How to Use Random Forest for Feature Selection in R
Feature selection is critical for building interpretable, efficient machine learning models. Too many features lead to overfitting, increased computational costs, and models that are difficult to...
Key Insights
- Random Forest provides two robust feature importance metrics—Mean Decrease Accuracy and Mean Decrease Gini—that capture both predictive power and node purity contributions across hundreds of decision trees.
- Feature selection with Random Forest is non-parametric and handles non-linear relationships automatically, making it superior to correlation-based methods for complex datasets with interaction effects.
- Always validate your feature selection by comparing model performance on reduced versus full feature sets using cross-validation, as importance scores can be unstable on small datasets or with highly correlated predictors.
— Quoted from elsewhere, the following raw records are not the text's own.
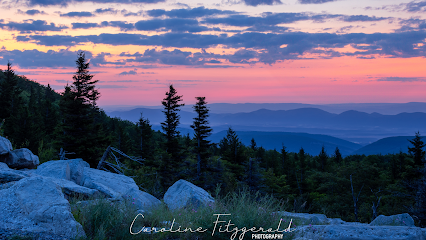 Caroline Fitzgerald Photography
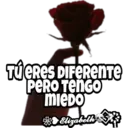 ❥Frases para mi crush vol.1 14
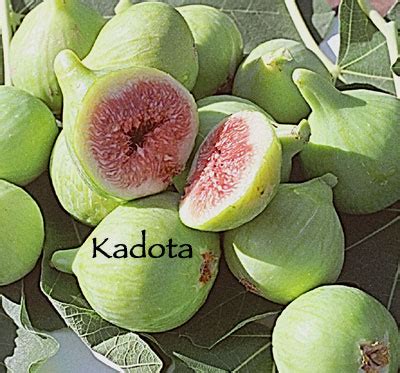 Fruit Fig Kadota | Urban Tree Farm Nursery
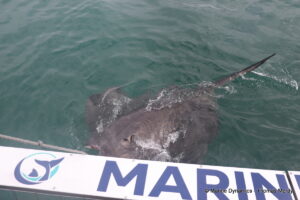 Shark cage diving, South Africa, Gansbaai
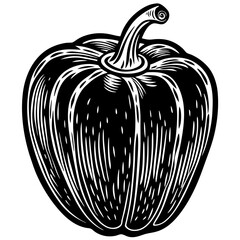 hand drawn apple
Introduction to Feature Selection with Random Forest
Feature selection is critical for building interpretable, efficient machine learning models. Too many features lead to overfitting, increased computational costs, and models that are difficult to explain to stakeholders. Random Forest excels at feature selection because it inherently evaluates feature importance while building an ensemble of decision trees.
Random Forest calculates two primary importance metrics. Mean Decrease Accuracy measures how much prediction accuracy drops when a feature is randomly permuted, breaking its relationship with the target variable. Features that cause large accuracy drops when scrambled are clearly important. Mean Decrease Gini (or Mean Decrease Impurity) measures how much each feature contributes to reducing node impurity across all trees in the forest. Features that consistently create pure splits are ranked higher.
These metrics work well because Random Forest builds hundreds of trees on bootstrapped samples with random feature subsets at each split. This randomization process provides robust importance estimates that account for feature interactions and non-linear relationships.
# Load required libraries
library(randomForest)
library(caret)
library(ggplot2)
library(dplyr)
# Set seed for reproducibility
set.seed(123)
Preparing Your Dataset
Let’s use a real-world dataset to demonstrate feature selection. We’ll work with the Sonar dataset from the mlbench package, which contains 60 features representing sonar signal measurements used to classify objects as rocks or mines.
library(mlbench)
data(Sonar)
# Initial exploration
dim(Sonar) # 208 observations, 61 variables (60 features + 1 target)
str(Sonar)
summary(Sonar)
# Check for missing values
sum(is.na(Sonar)) # Should be 0
# Check class distribution
table(Sonar$Class)
# Create train/test split (70/30)
train_index <- createDataPartition(Sonar$Class, p = 0.7, list = FALSE)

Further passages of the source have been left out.